Found 20000 files belonging to 2 classes.
Found 5000 files belonging to 2 classes.
Found 25000 files belonging to 2 classes.


take a look at the batch data

In [16]:
for inputs, targets in train_dataset:
    print("inputs.shape: ", inputs.shape)
    print("inputs.dtype:", inputs.dtype)
    print("targets.shape:", targets.shape)
    print("targets.dtype:", targets.dtype)
    print("inputs[0]:", inputs[0])
    print("targets[0]:", targets[0])
    break


inputs.shape:  (32,)
inputs.dtype: <dtype: 'string'>
targets.shape: (32,)
targets.dtype: <dtype: 'int32'>
inputs[0]: tf.Tensor(b"I am a huge fan of Say Anything, Jerry Maguire, and Almost Famous (I wasn't that big on Singles), so it's safe to say that I look forward to anything that Cameron Crowe attaches his name to. I went to see Vanilla Sky having been told that it was a very weird movie and that I probably wouldn't like it if I was expecting anything similar to Crowe's other films. Well, having just seen it, let me say that the former was correct, and the latter couldn't have been more wrong. It is a very weird movie, and nothing really comes together until the end. Anyone who tells you that they saw it coming halfway into the movie is either lying to you or is unable to detach their hindsight from their memory. Anyway, the movie was stellar, and I look forward to owning it as soon as the DVD is released. I was moved by the film, and felt emotionally spent by the end. This is an ex

train a text vectorization layer with unlabeled data

In [17]:
text_only_train_dataset = train_dataset.map(lambda x, y: x)  # do not need labels to train the text vectorization layer

max_length = 600
max_tokens = 20_000
text_vectorization = layers.TextVectorization(
    max_tokens=max_tokens,
    output_mode="int",
    output_sequence_length=max_length)

text_vectorization.adapt(text_only_train_dataset)

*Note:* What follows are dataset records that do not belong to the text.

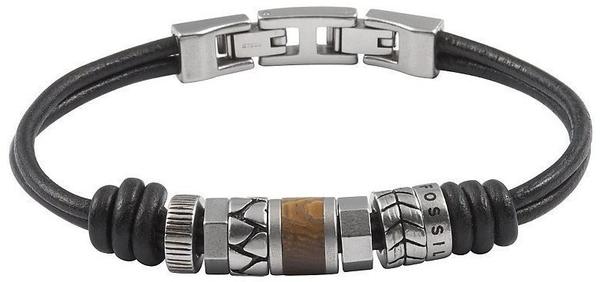 Fossil Lederarmband (JF84196) Test TOP Angebote ab 31,16 € (Mai 2023)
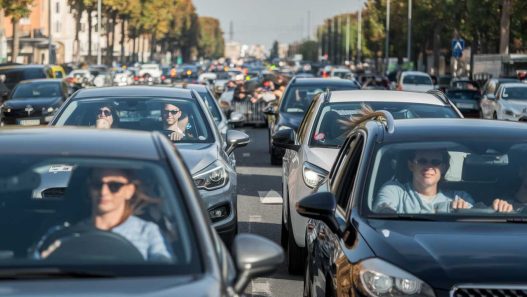 Alerte sur la route : l&rsquo;inquiétante montée des conducteurs non assurés en France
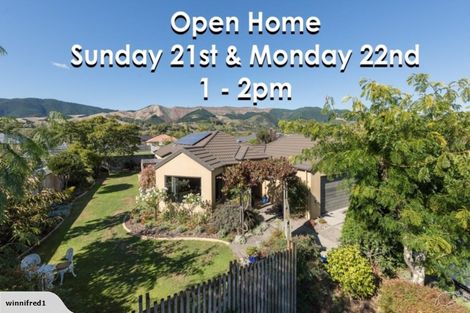 Photo of property in 13 Antoine Grove, Richmond, 7020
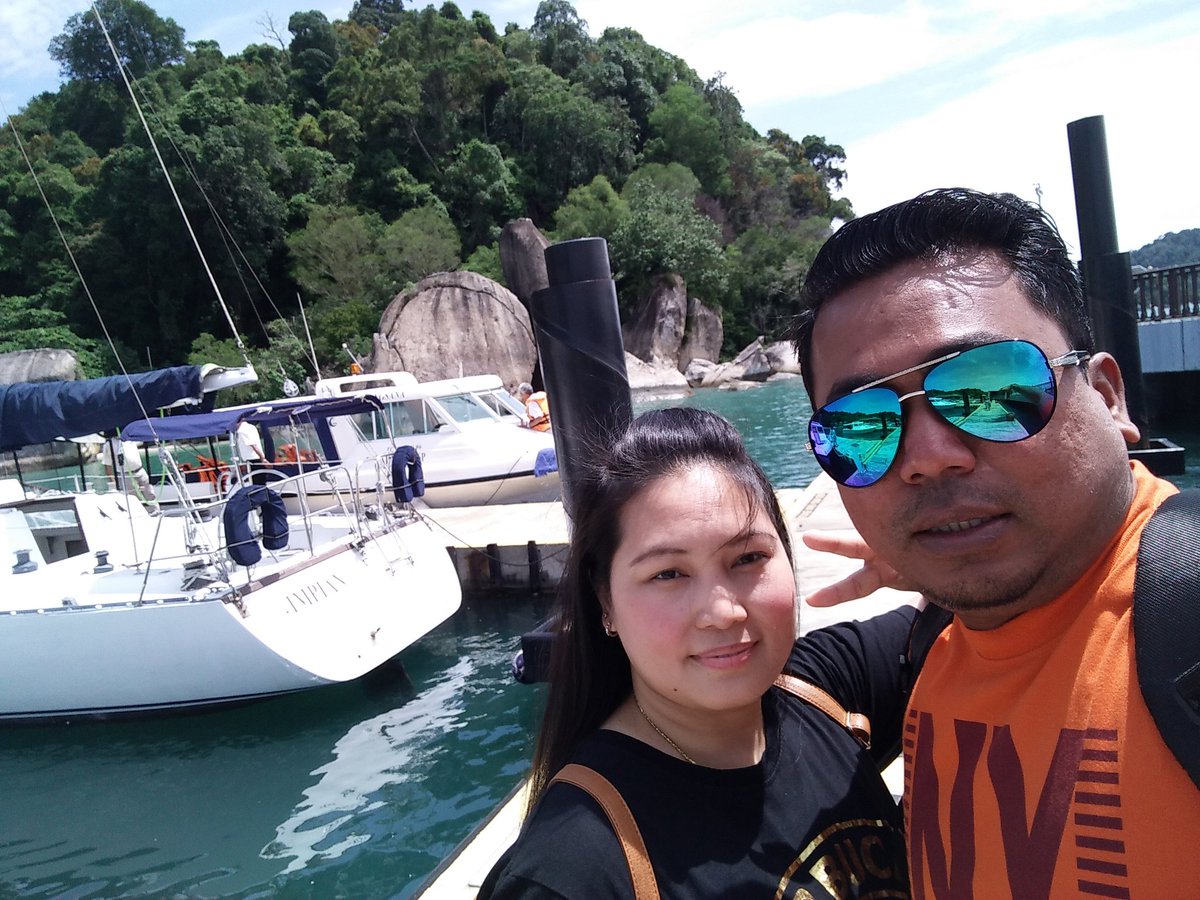 logendrans's tweet image. A heavenly place to be with my loved one..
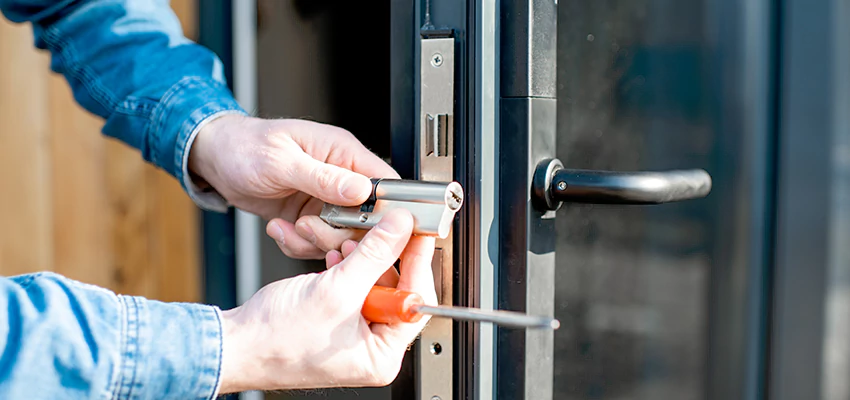 Eviction Locksmith For Lock Repair in Moncton, NB
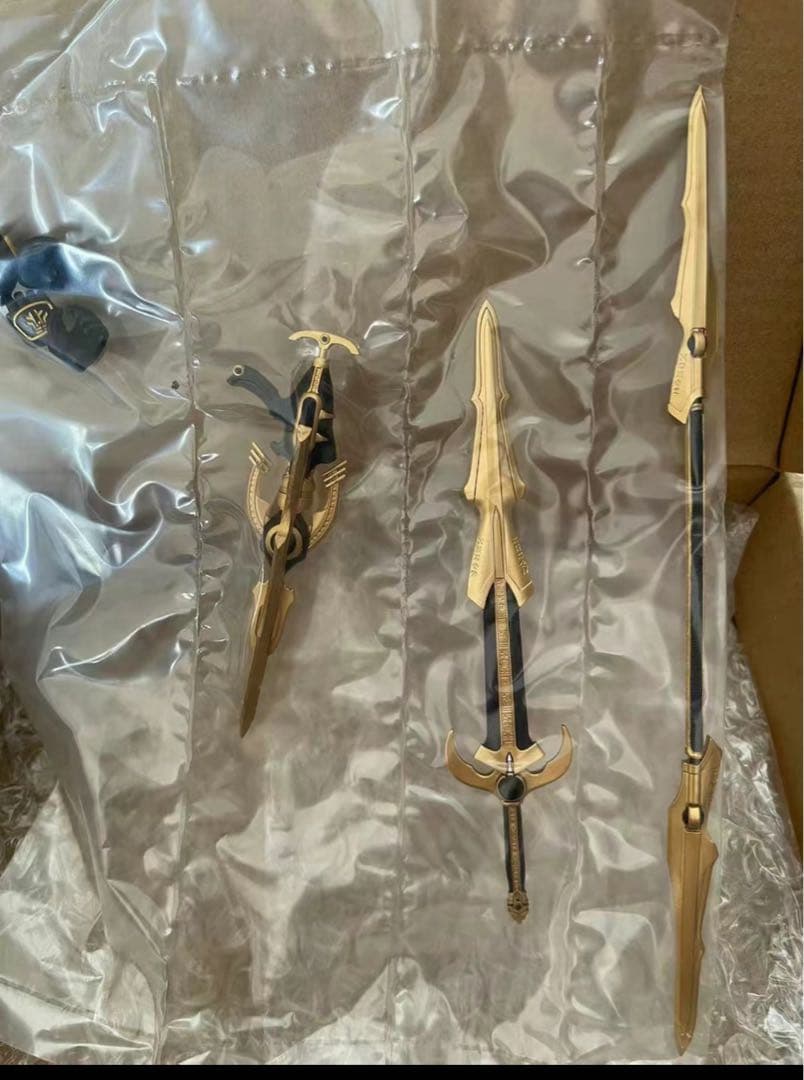 【ジョーカー様￼專用】アルティメットフォーム 武器 武器持ち手セット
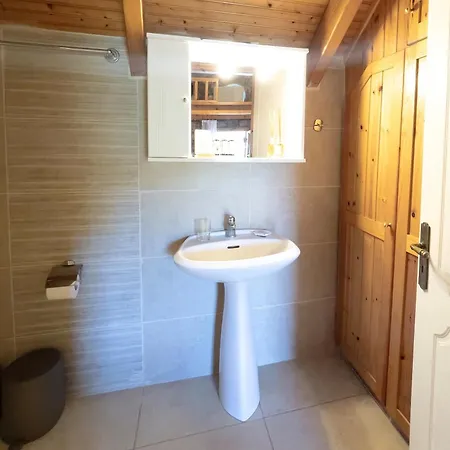 Kefalonian Luxury Вилла *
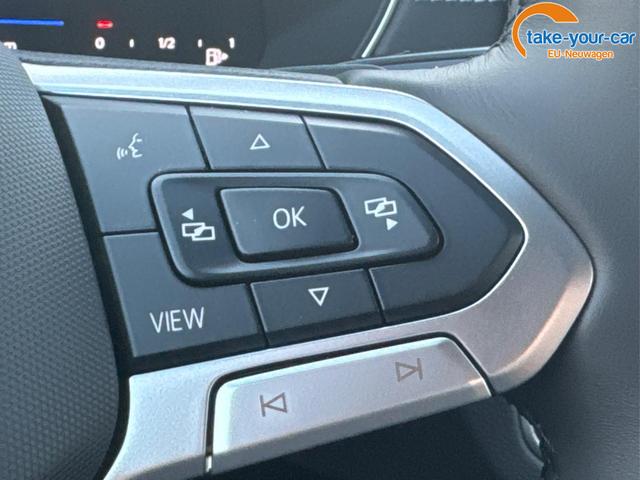 Volkswagen - T-Cross - EU-Neuwagen - Reimport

prepare integer sequence datasets

In [18]:
int_train_dataset = train_dataset.map(
    lambda x, y: (text_vectorization(x), y),
    num_parallel_calls=4)
int_validation_dataset = validation_dataset.map(
    lambda x, y: (text_vectorization(x), y),
    num_parallel_calls=4)
int_test_dataset = test_dataset.map(
    lambda x, y: (text_vectorization(x), y),
    num_parallel_calls=4)

use a TransformerEncoder-based model for text classification

In [19]:
vocabulary_size = 20_000
sequence_length = 600
embed_dimension = 32

num_heads = 2
dense_layer_dimension = 32

inputs = keras.Input(shape=(None,), dtype="int64")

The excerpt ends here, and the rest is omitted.